He caught Della by the shoulders.
“Be careful!”
She nodded solemnly. “I will be, and you will hear every move I make. And, hey!”
“Yeah?”
“You be careful, too. Dante has his game he plays. But it’s true he doesn’t give a damn who he kills and how if it’s necessary.”
“I can stop a bullet as easily as you, I know,” he said softly.
She grinned, indicating her microphone. Of course, everything they said could be heard by the entire team.
He nodded, pulling her close for just a minute, kissing her on the forehead.
Then he walked determinedly deeper into the woods, onto the path he was going to take that skirted the water, while she headed toward the private homes and the little cemetery.
Della moved carefully through the forest. It was painstaking, searching for any broken branches or anything that might indicate a body had been brought through the area. The group checked in with one another every thirty minutes.
Nothing.
The hour grew later.
And as it did, the stunning purples and gold that had touched the sky began to become soft, swirling gray. Anton Alexandru hadn’t lied about the forest as twilight came and the evening fog began to roll in. Seeing the castle up on the high hill, the fog sweeping around it as well, Della almost felt as if she’d reached a strange and magical plane. Leaves rustled gently, the air was cool, touching her cheeks, almost as if mystical hands sent light caresses along her arms.
It was just a forest, she reminded herself.
A forest, touched by fog.
“Della?”
She heard Mason’s voice through the earbud transmitter.
“I’m fine, moving ever onward toward Bran Castle,” she told him.
“All right. I’m still just in. Nothing appears disturbed by the embankment, and no one has been left there,” Mason said. “I’m following the water but coming closer to your position.”
“I’m right on track. But something is a little different. There is some broken foliage near me, and I see the old cemetery just ahead, I think. I’m starting to see stones...”
She broke off. She’d come through the trees and the brush to an area that was still wild but somewhat controlled.

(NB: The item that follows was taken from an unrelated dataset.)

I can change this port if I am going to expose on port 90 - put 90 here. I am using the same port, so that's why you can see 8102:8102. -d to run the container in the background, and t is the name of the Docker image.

The small cemetery had to be hundreds of years old, as Alexandru had mentioned. And despite a lack of serious continual care, it was beautiful. Gothic arches rose, offering entrance to family plots or group graves. Stones were ancient, some broken with the odd angles time had created, but baroque angels and charming statues were set abundantly about the graves. There were no fences to delineate the cemetery, but she could see a low stone wall had once surrounded it completely but had crumpled here and there.
A few streaks of gold and crimson now remained in the sky, but the fog was growing heavy, mixing with smoke from the wood-burning fires from nearby homes.

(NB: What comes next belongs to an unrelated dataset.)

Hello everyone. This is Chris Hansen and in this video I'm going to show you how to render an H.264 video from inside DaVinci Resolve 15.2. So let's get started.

The mist lay low around the graves, seeming to swirl in strange shades of gray, making it one of the most haunting and atmospheric places she had ever seen.
“I’ve found the cemetery,” she said, knowing the others would hear her. “I can see the castle on the hill and the mountains in the near distance now, and the stones just ahead. This feels...ancient, and haunting and oddly beautiful,” she added.
“Yes, the cemetery is very old. Even in such a place, we are a beautiful country. Castle Bran has always been known as a gateway and thus a protector, sometimes achieving that aim, sometimes no,” Alexandru said. “I am getting closer to the castle.”
She heard Mason ask for positions from Taylor, Bisset, and Lapierre. As she listened, she just stood for a minute, hoping that if there was something to see, she could see it through the fog.
Slow and careful.
Della walked through the graves wondering if she might meet the soul of one of the deceased there. And if so...
She knew a smattering of several languages.